Akan Perbaiki Sistem Yang Ada

rasiyoSurabaya – Pasangan Calon (paslon) Rasiyo-Lucy Kurniasari mulai megeluarkan kritik bahwa cara kepemimpinan Kepala Daerah (Kada) sebelumnya. Sebagai pemerintahan yang jauh dari hati.

Rasiyo mengatakan minimnya serapan Anggaran Pendapatan dan Pembelanjaan Daerah Tahun Anggaran (APBD TA) 2015 yang dilakukan Satuan Kerja Perangkat Daerah (SKPD) Surabaya hanya 35 persen.

Masih kata Rasiyo, rendahnya kinerja dari SKPD tersebut akibat susana yang tidak kondusif dalam bekerja. Semua itu dikarenakan pada internal Pemerintah Kota (Pemkot) dipenuhi rasa ketakutan maupun keterpaksaan.

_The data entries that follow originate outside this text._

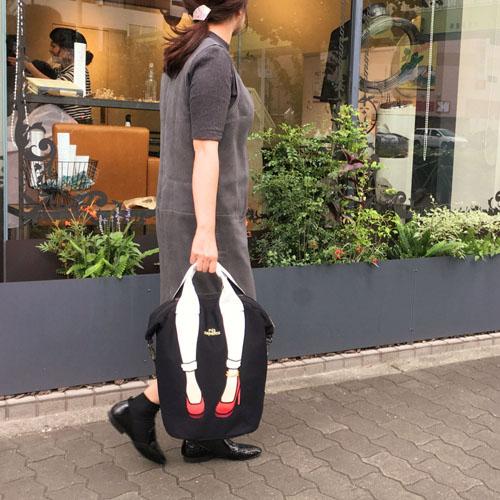 mis zapatos Skinny Pants 2-Way Backpack - Black - Image 4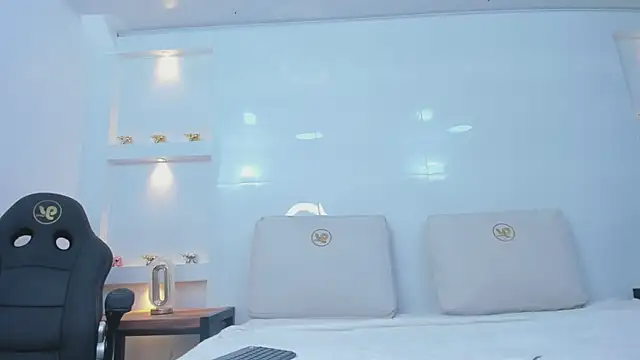 Dalia-Prada online show from April 18, 4:48 am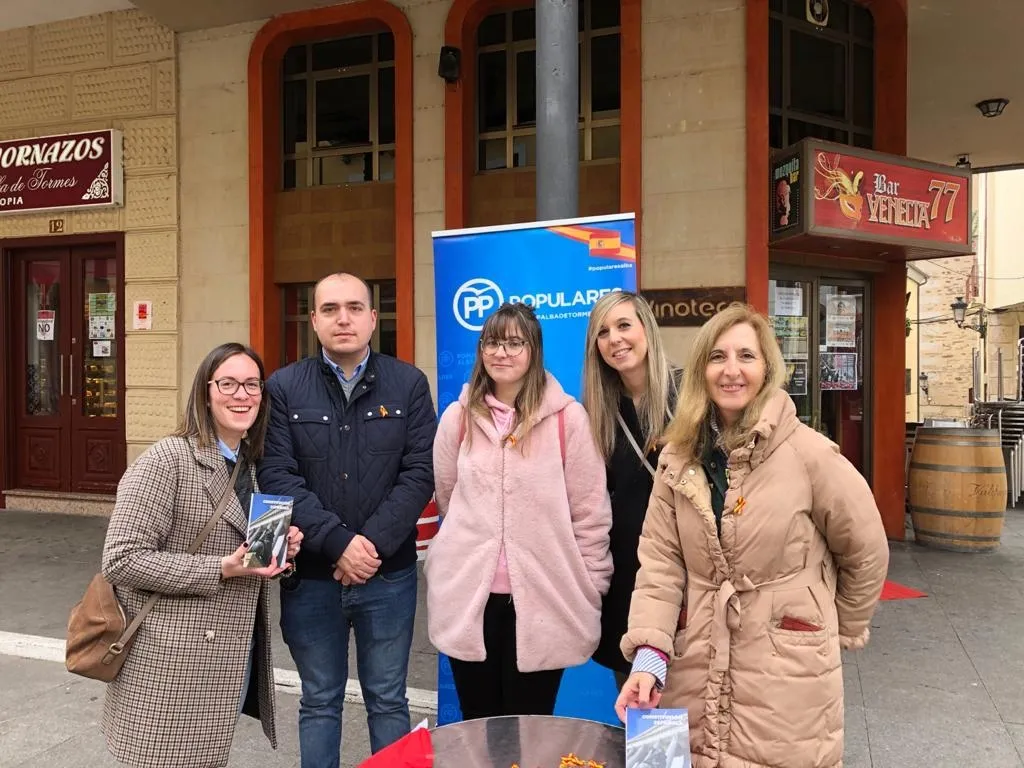 Stand de los populares albenses situado en la Plaza Mayor
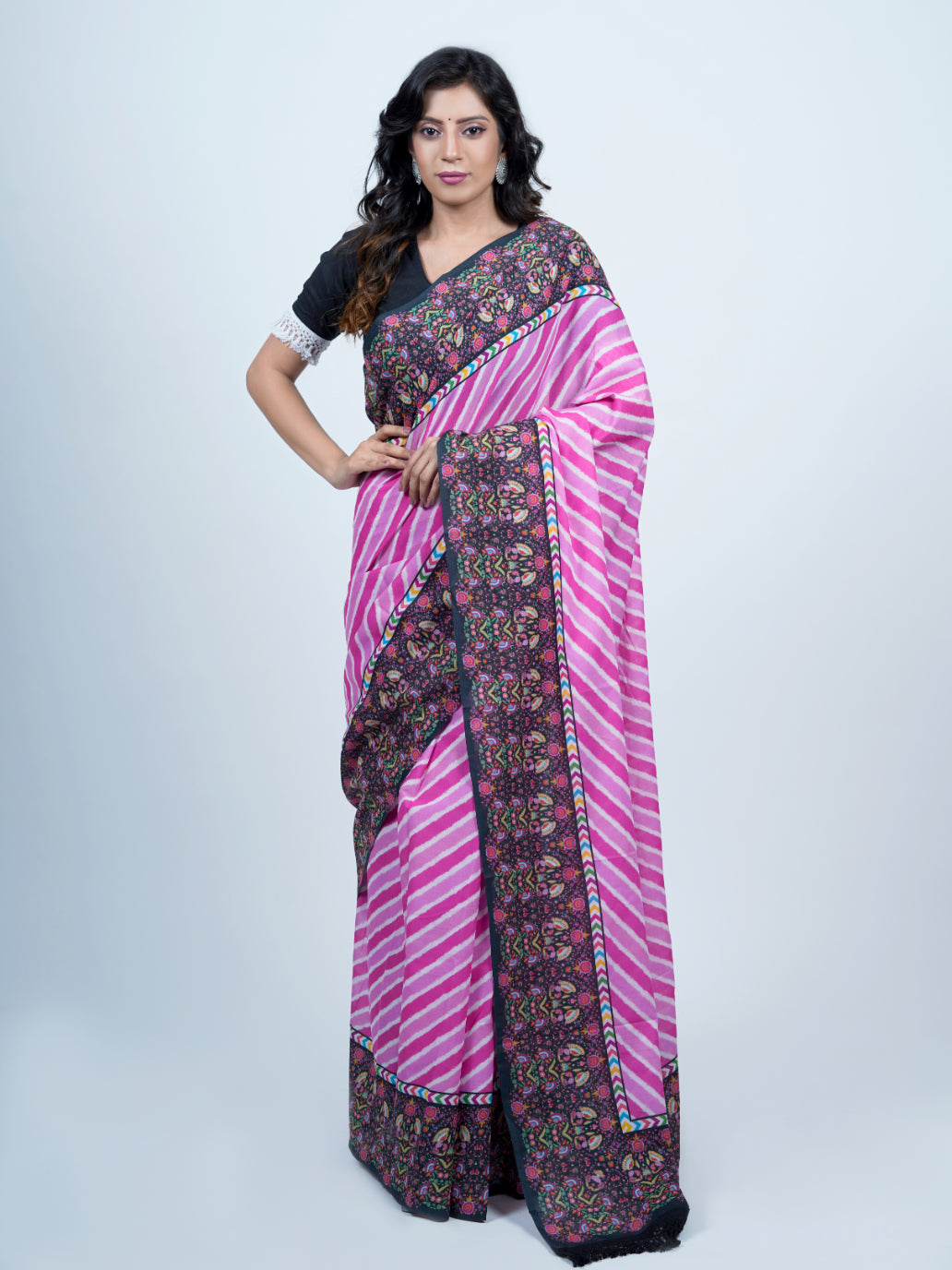 Buta Buti Leheriya Ethnic Motifs Printed Pure Cotton Tasseled Saree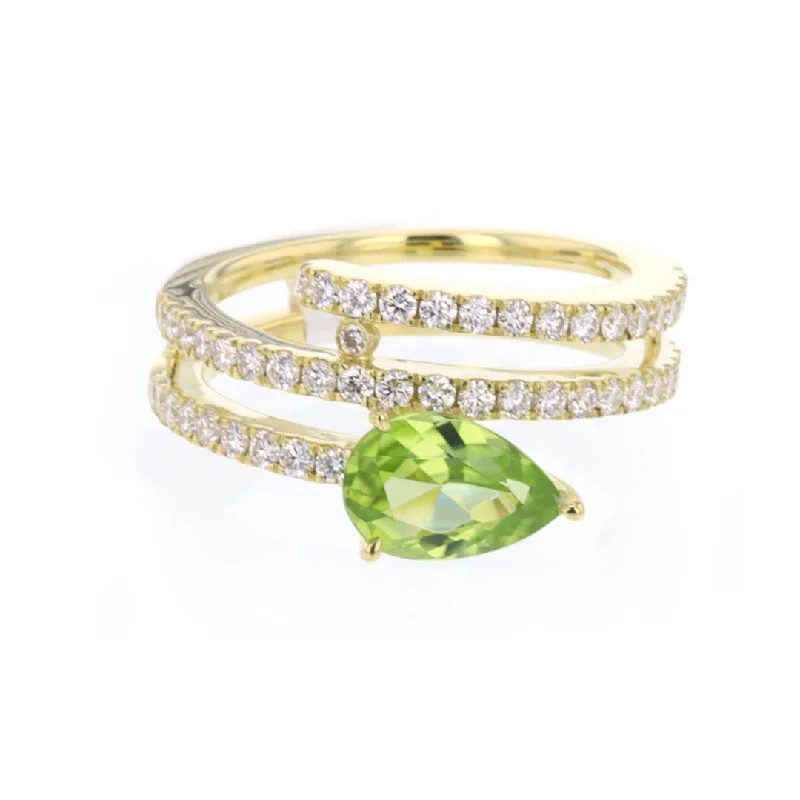 trendy women’s hairpins for a chic hairstyle -Peridot & Diamond Ring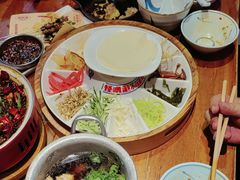 -怪噜范·老贵阳街头名小吃(鸿通城店)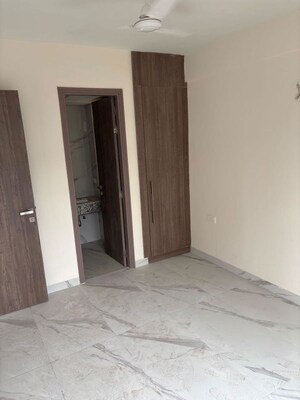 Room in 4 BHK Builder Floor at Sector 23 – for Rent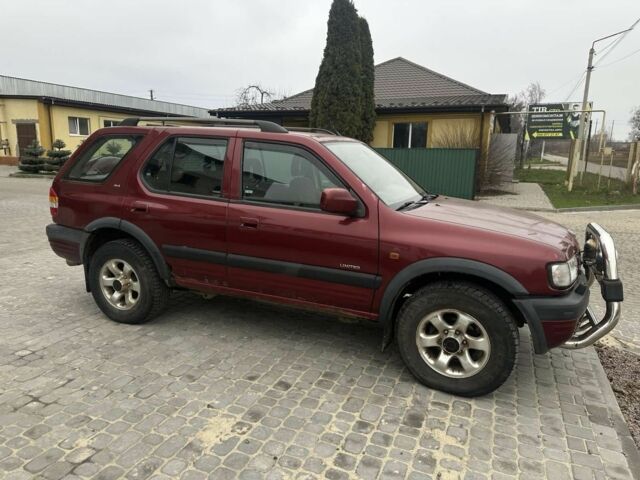 Красный Опель Фронтера, объемом двигателя 2.2 л и пробегом 288 тыс. км за 2899 $, фото 2 на Automoto.ua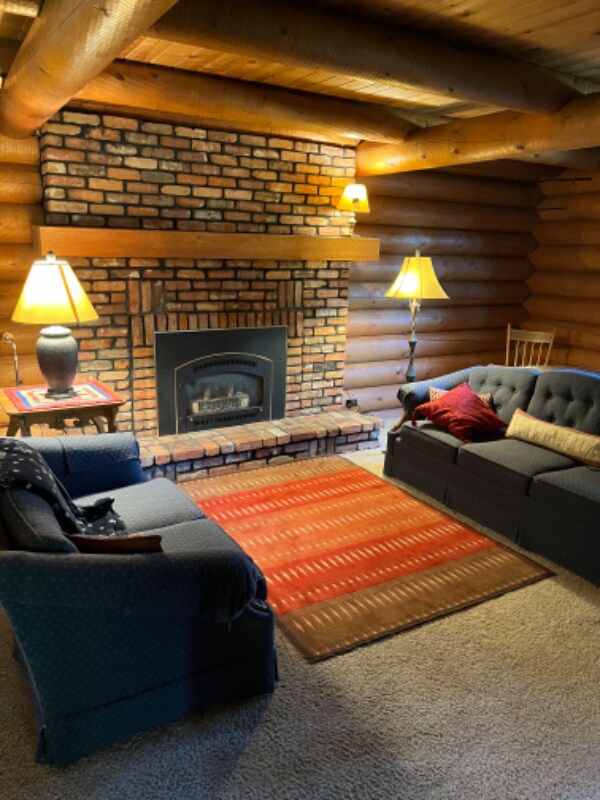 Building Photo - 502 Snowberry Ln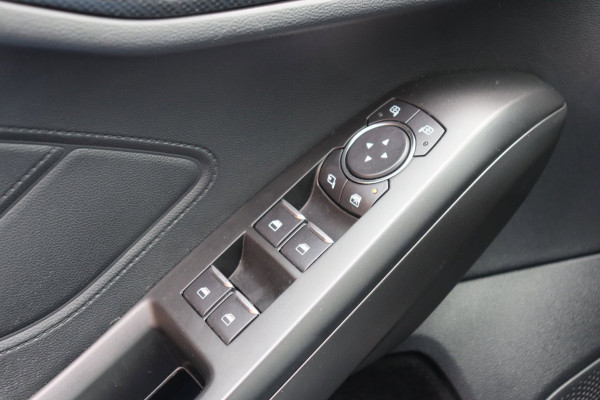 Ford FOCUS Wagon 1.0 EcoBoost Hybrid ST Line Bus.org.NL afn.trekhaak camera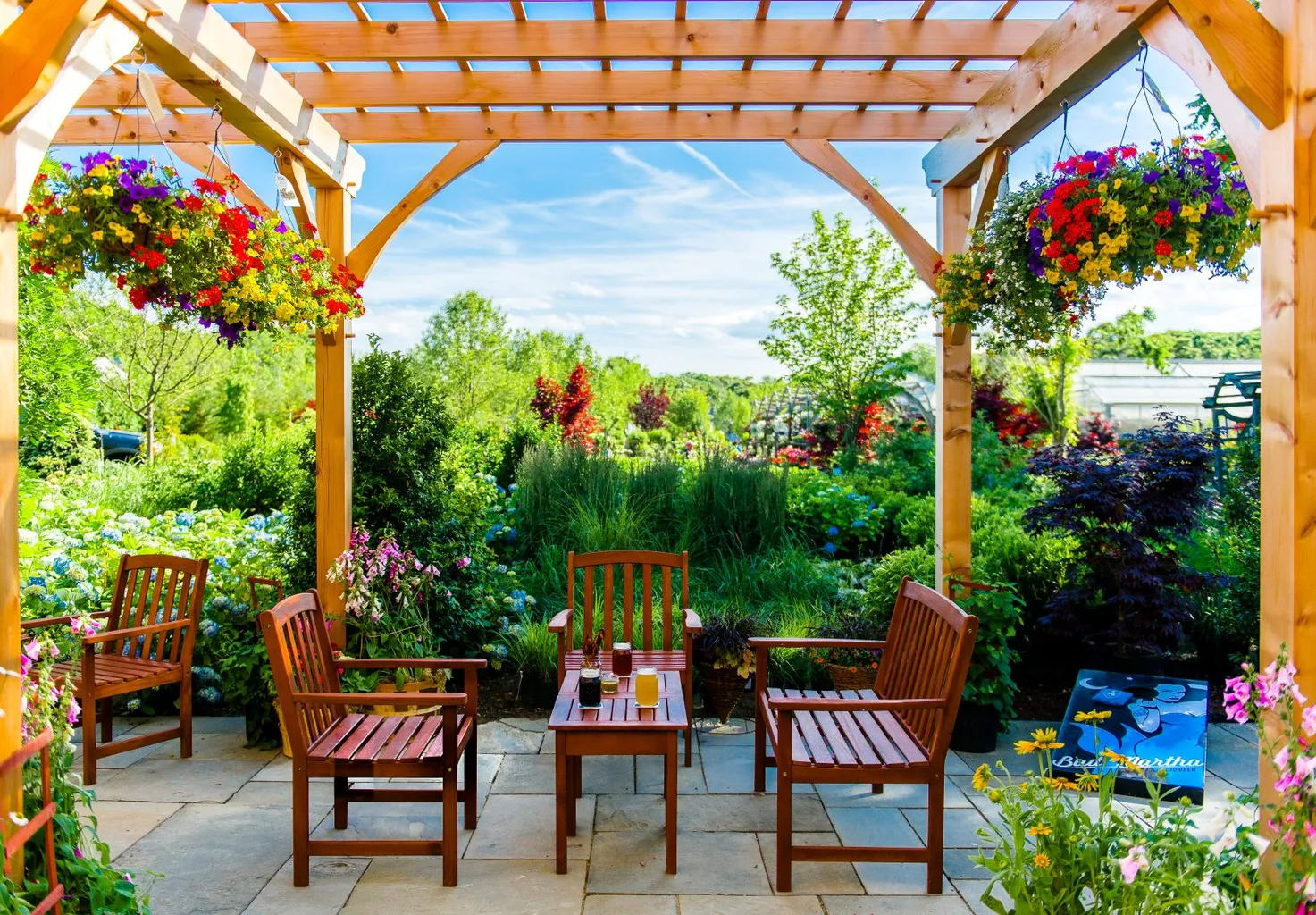 Bad Martha Farmer's Brewery anställer ny huvudbryggare, öppnar 'Mellow Meadow' Wildflower Beer Garden, introducerar sommaröl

“Saya sudah memantau kondisi kerja di Pemkot, perlu penataan kembali sehingga kerja SKPD disana menjadi lebih kondusif, yaitu dengan hati,” tegasnya.

Rasiyo menambahkan , pada era pemerintahan Bambang Dwi Hartono (BDH) relatif lebih baik. Rasiyo mencontohkan, era BDH kerja sama yang kondusif antara Pemkot Surabaya dan Pemerintah Provinsi Jawa Timur (Pemprov Jatim) saat menyelesaikan relokasi warga stren Kali Jagir.

Kebijakan pada sektor pendidikan juga mendapat penilaian yang berbeda. Terlebih mengenai mutasi pendidik oleh Tri Rismaharini (Risma) adalah sebuah kekeliruan.

Lucy menyampaikan, Pemilihan Kepala Daerah (Pilkada) ini ibarat seperti semut melawan gajah. “Tapi Insya Allah dengan dukungan seluruh warga Surabaya, kami mampu mengatasi perlawanan calon Wali kota dan Wakil Wali kota petahana. Maka kami memohon kepada seluruh warga Surabaya untuk mendukung kami dengan hati yang tulus,” pungkas Lucy.